Work request
Begin at the line with "2006-2009 Dodge Ram" and output every line through the end of the records, exactly as given. Omit pictures.
- - -
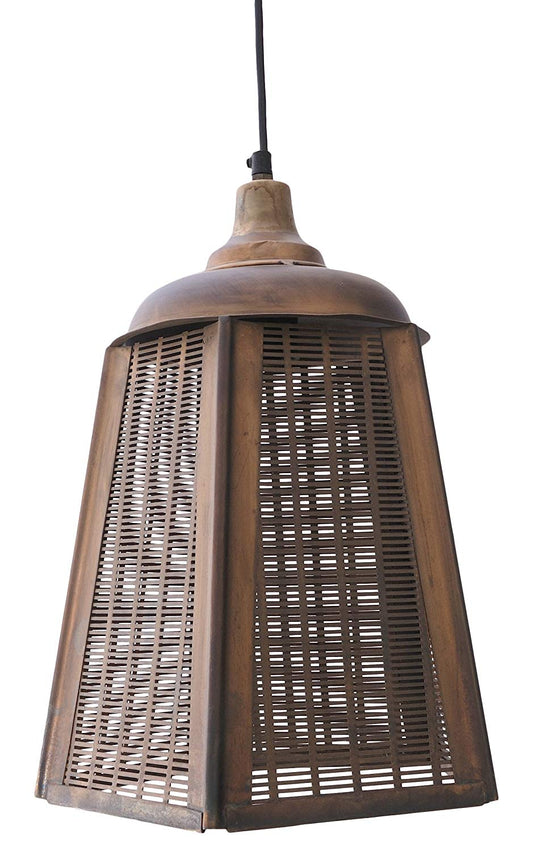 Iron Hanging Lamp (R-4972)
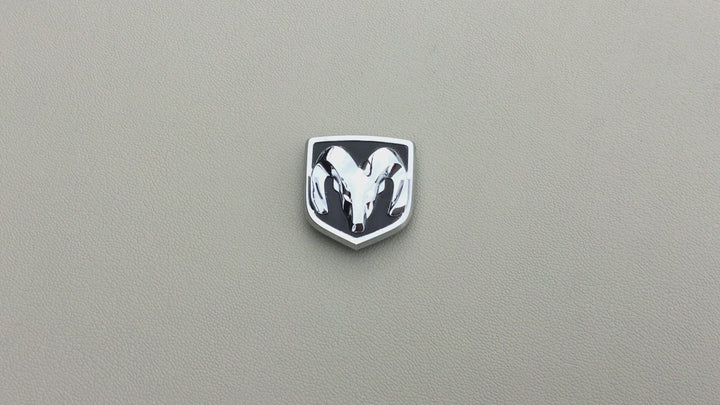 2006-2009 Dodge Ram 1500 2500 Steering Wheel Horn Emblem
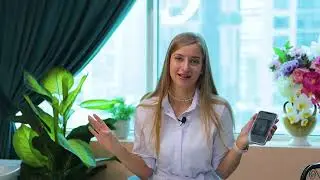 Дубай необычный косметолог Анастасия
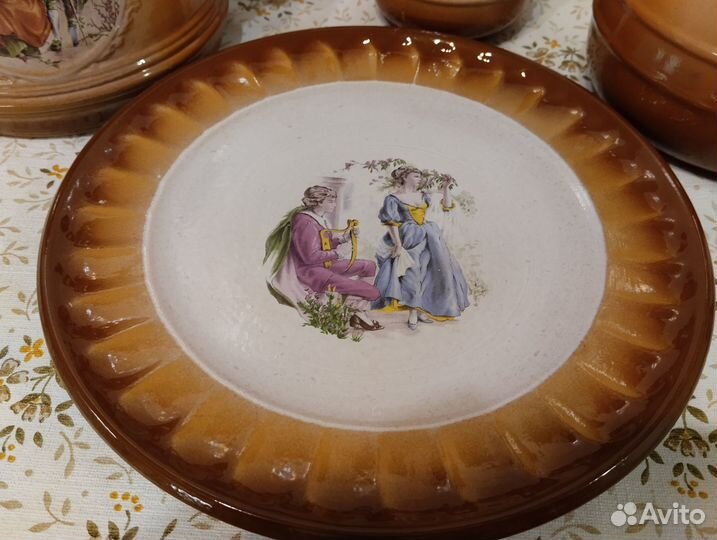 Набор посуды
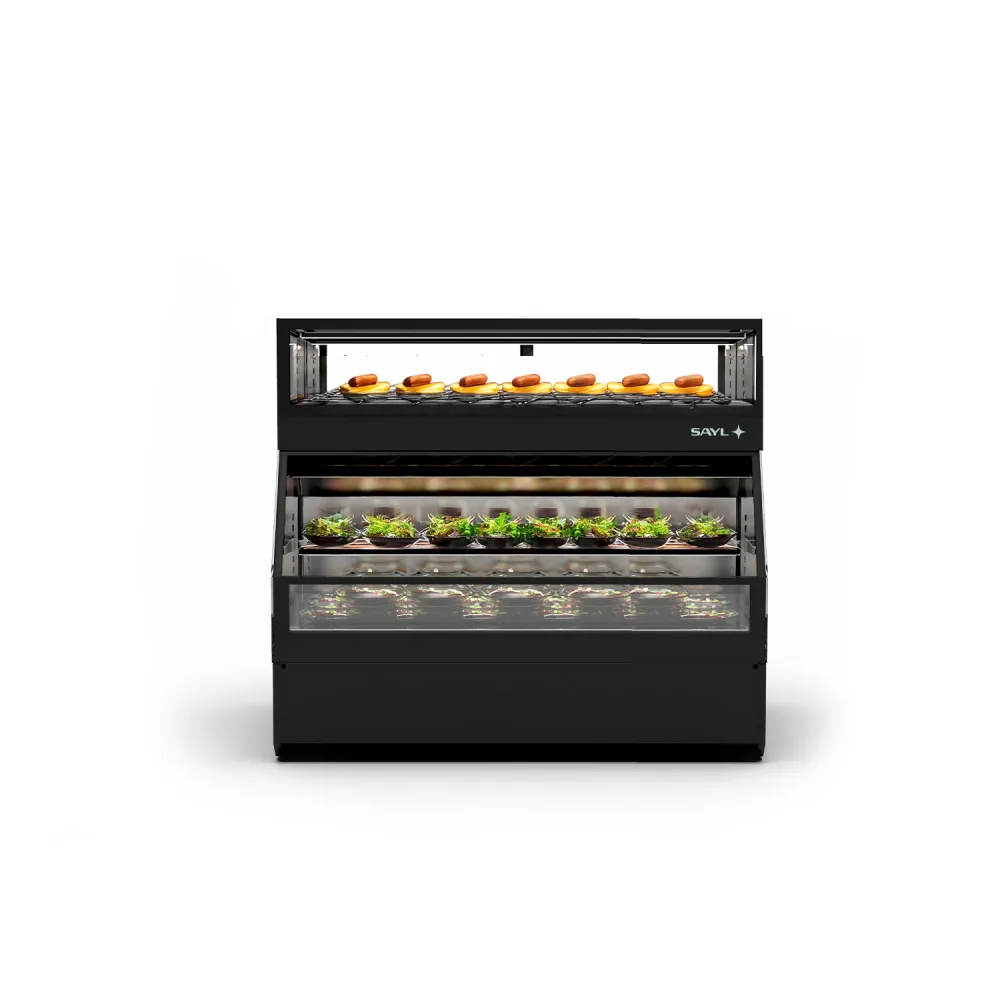 Vitrine SAYL BHS-COF2C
- - -
Task response
 2006-2009 Dodge Ram 1500 2500 Steering Wheel Horn Emblem
 Дубай необычный косметолог Анастасия
 Набор посуды
 Vitrine SAYL BHS-COF2C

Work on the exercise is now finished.